The reason for urgency: Amazon, Apple, and Google all informed Parler that its lack of content moderation violated their terms of service. The archivists wanted to obtain the posts while the site remained online. But as it turned out, donk_enby was able to retrieve posts even after they had been deleted.
A key reason for her success: Parler’s site was a mess. Its public API used no authentication. When users deleted their posts, the site failed to remove the content and instead only added a delete flag to it. Oh, and each post carried a numerical ID that was incremented from the ID of the most recently published one.
The rookie code made it easy to automate the scraping, as this script—used by donk_enby’s archival team—demonstrates. As a result, massive numbers of posts that discussed the insurrection before, during, and after it was carried out will be preserved indefinitely so that they’re available to researchers, journalists, prosecutors, and others.
Another amateur mistake was Parler’s failure to scrub geolocations from images and videos posted online. Sites like Twitter and Google routinely remove such metadata from content posted by their users. The video files hosted on Parler, by contrast, were “raw,” meaning they still contained this information.

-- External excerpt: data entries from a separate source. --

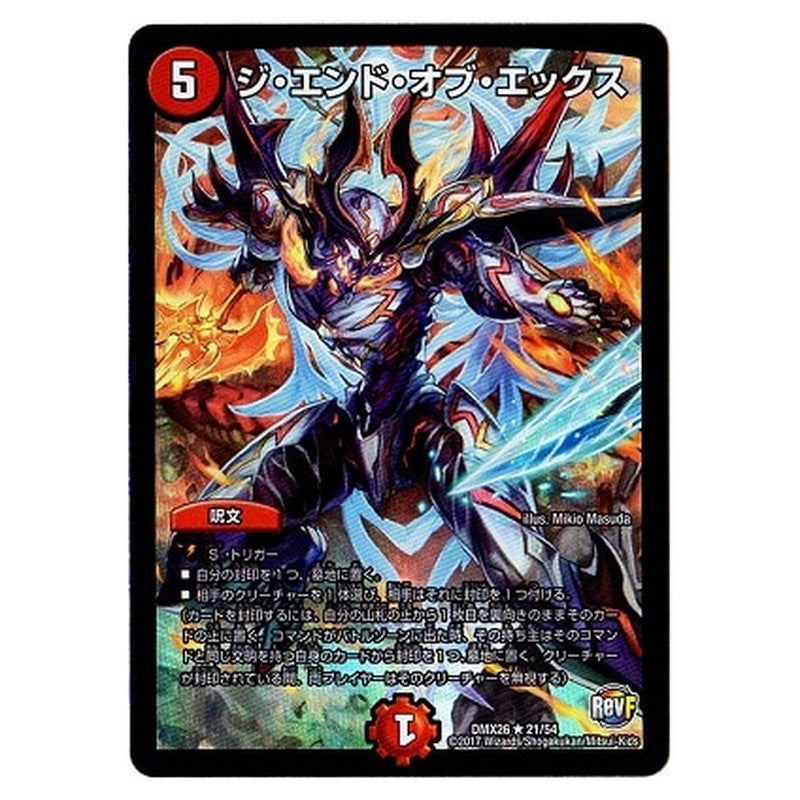 DMX26 21/54 [JP] ジ・エンド・オブ・エックス - Duel Masters Japanese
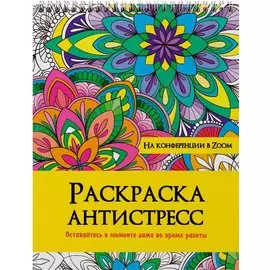 РАСКРАСКА АНТИСТРЕСС на гребне. НА КОНФЕРЕНЦИИ В ZOOM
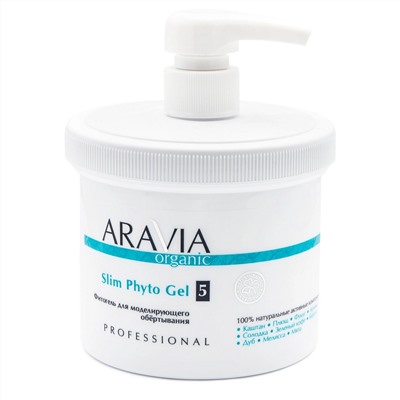 Aravia Фитогель для моделирующего обёртывания / Slim Phyto Gel, 550 мл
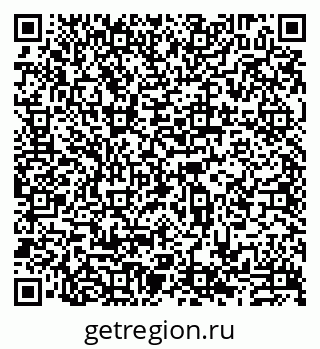 79911133700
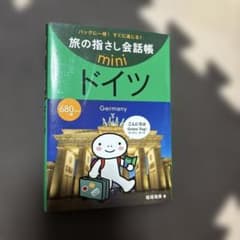 【匿名配送】 旅の指さし会話帳 mini ドイツ［ドイツ語］のサムネイル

Parler’s moderation policies—even more lax than those of Twitter, Facebook, and Youtube—already made the site popular with far-right users looking for a forum to discuss debunked conspiracy theories. With Twitter permanently banning Trump, the president’s supporters embraced the site even more enthusiastically.
Prosecutors are already pursuing more than 150 suspects in Wednesday’s riot. The preservation of some 80TB of Parler posts, including more than 1 million raw video files, may result in more people being charged.